Life’s gotten derailed a bit and I am just now finally taking a look at MQTT.fx. It appears that it has become a commercial product with licensing fees. Are you using an older version you got from somewhere? It certainly looks helpful.

You can still download version 1.7 here

http://www.jensd.de/apps/mqttfx/1.7.1/

But there are other good tools out there I think.

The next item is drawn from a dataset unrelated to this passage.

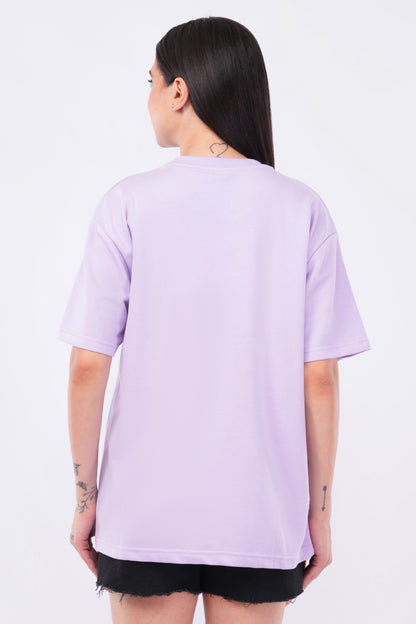 Solid Terry Oversized T-Shirt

Thanks for that. The results were very interesting. As expected, I was able to use MQTT.fx to subscribe to the text-to-speech topic, and if I took a message generated by the web interface, I could copy it and publish it to the topic and generate speech. However, if I published using my application, I would see a message that looked identical when I looked in MQTT.fx. If I then copied that message and published it inside of MQTT.fx, speech was also generated. I also copied this successful message text into Visual Studio, and I spot no character differences in the message. This is bizarre, because if the message wasn’t published, I wouldn’t be able to copy it and republish it from MQTT.fx. And yet somehow when I published from my application using mosquitto, no speech is generated.

If I ask for the library version, I’m getting version number 1.5.7 in my application, and in MQTT.fx, so I’m guessing that’s the version of the broker? From what I’m seeing online, that version is too early to be using protocol version 5, which I’m not attempting to do in my application. So again I have absolutely no idea what’s going wrong. If anyone has any further ideas, please share them!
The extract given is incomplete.